4. Tracking Requirements, Risks, and Issues
Project Workspace: Utilize Google Sheets for: comprehensive requirements document outlining
scope, objectives, and deliverables; risk register to identify, assess, and monitor potential risks
with mitigation strategies; an issues log to track challenges encountered during the project
lifecycle, documenting resolutions to prevent recurrence.
VI. Members' contributions
Vu Duy Tung:
- Implement model pipeline include the following components: integrating feature
selection and preprocessing methods from Tran Vu, optimal hyperparameters initializing
and searching component, models’ component, and evaluation component.
Tran Anh Vu:
- Hosted weekly meetings to discuss the projects.
- Collected new data that improves disadvangtages of the previous unlabeld dataset.

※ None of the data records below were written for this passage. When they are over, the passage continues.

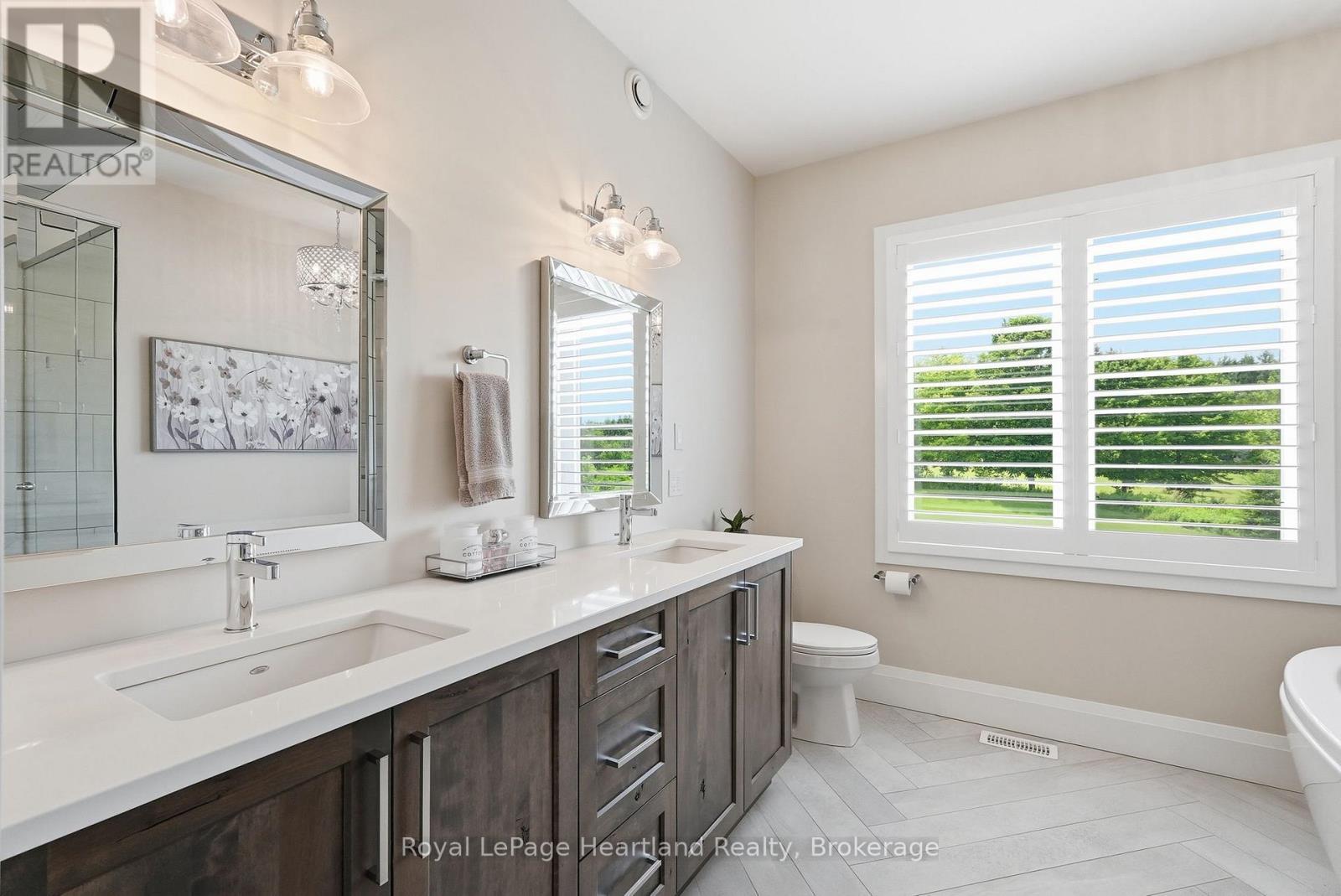 129 Sharron Court, Mapleton, ON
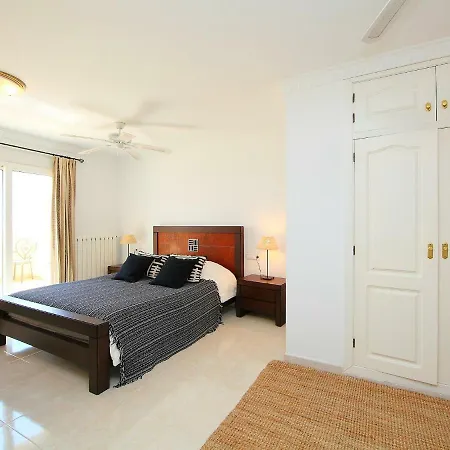 Karibuni By Interhome Villa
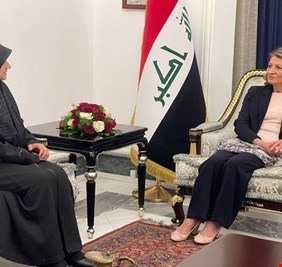 حرم رئيس الجمهورية تلتقي وزيرة الاتصالات هيام الياسري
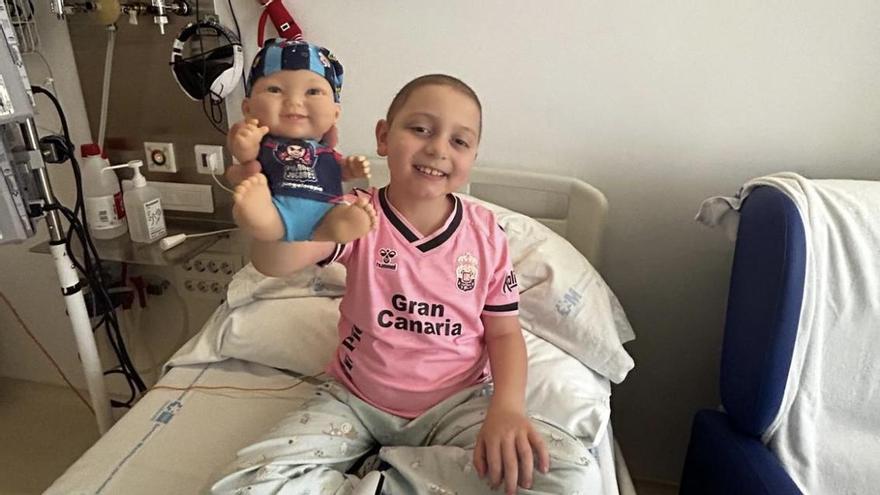 Elías juega en casa: la bandera de la UD Las Palmas, camisetas de Kirian y papas arrugadas en el hospital de Madrid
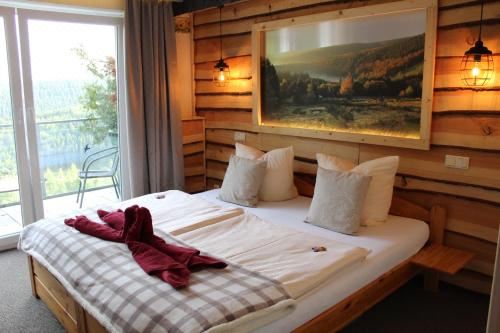 带山景的双人间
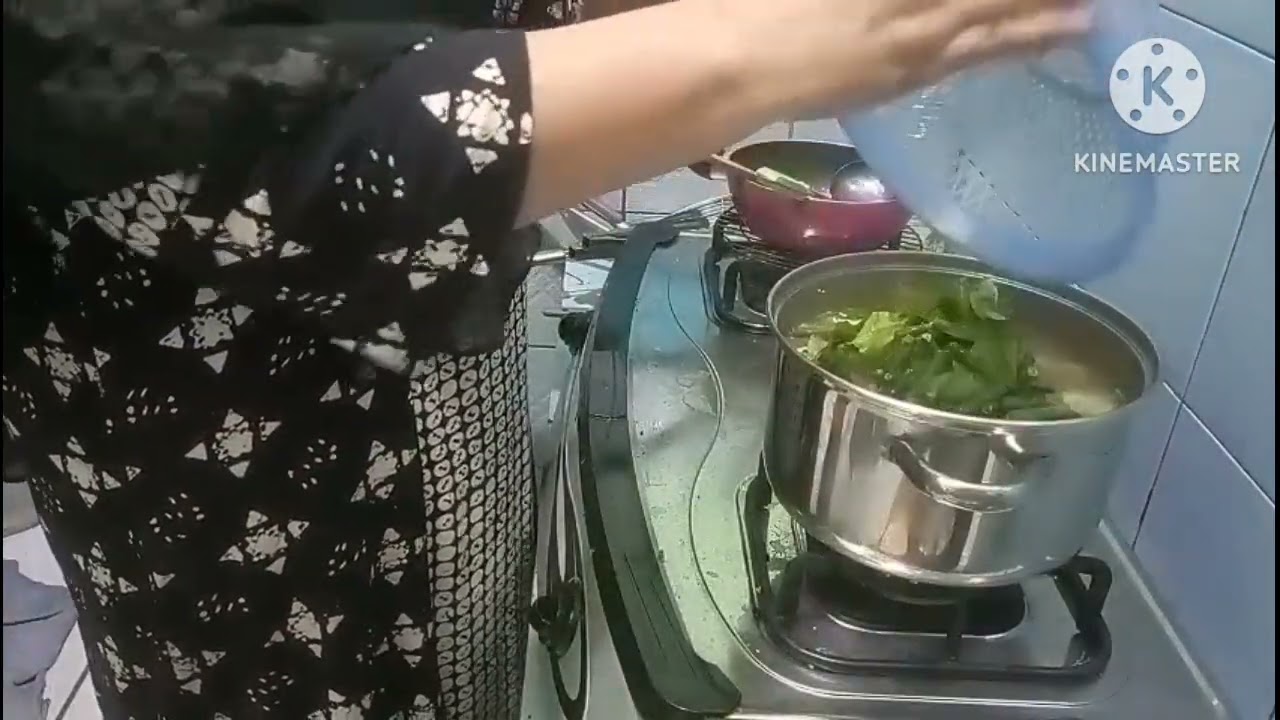 Masak menu makan siang
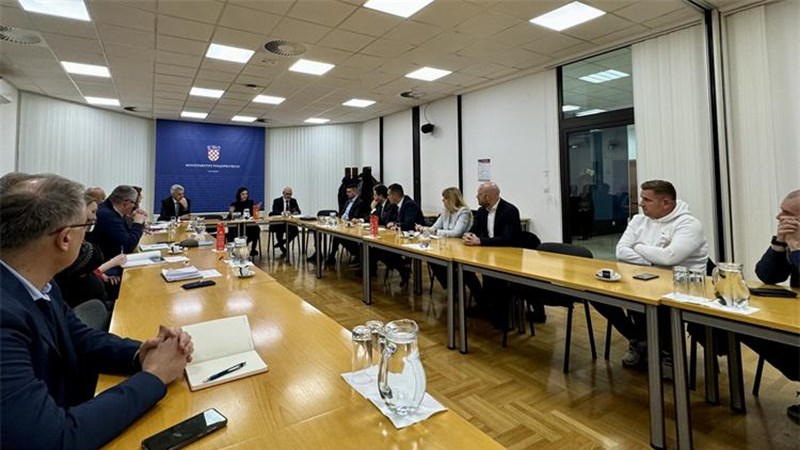 Ministrica Vučković s predstavnicima trgovačkih lanaca o plasmanu svježeg svinjskog mesa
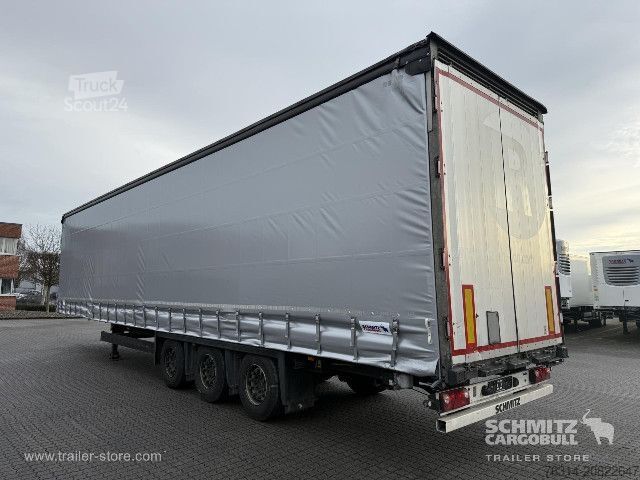 Semi-remorque bâchée Schmitz Cargobull Curtainsider Mega Getränke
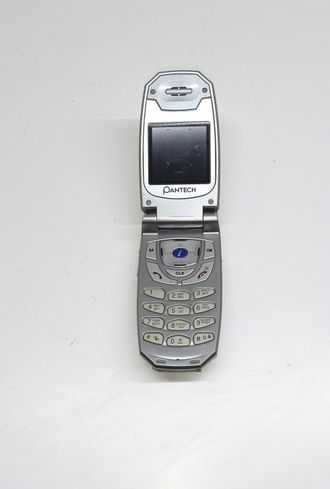 Неисправный телефон Pantech GB100 (нет АКБ, нет задней крышки, не включается)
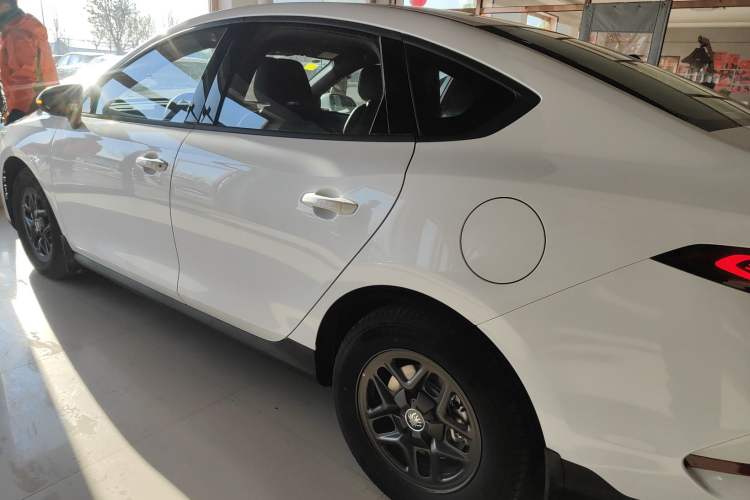 Used BYD Qin PLUS 2025 DM-i Smart Drive 55KM Leading Model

- Visualized and analyzed data in different methods to get insights from the raw dataset.
- Conducted data preprocessing methods .
Nguyen Canh Huy:
- Researched and applied evaluation metrics of credit scoring used by existing creditors
around the world.
- Researched related works, and conducted the literature review for the topic.
- Manage the progress of the team, tracked and reminded other team members to complete
assigned tasks
VII. Conclusion
In this study, we explored various machine learning models for credit risk prediction,
focusing on recall as the primary metric to address the critical need for identifying individuals
with bad credit risks. Among the models evaluated, Gaussian Naive Bayes demonstrated the
highest recall, highlighting the effectiveness of probabilistic approaches in handling noisy and
imbalanced datasets. Hyperparameter tuning of Random Forest further emphasized the
importance of model optimization, although its recall remained below that of Gaussian Naive
Bayes. The findings underscore the challenges of achieving a balance between recall, precision,
and overall accuracy in this domain. Our results provide a strong foundation for future
advancements, including the use of advanced feature selection methods and the development of a
generalizable credit risk prediction model with an industry-oriented interface, ensuring both
practical utility and robust performance.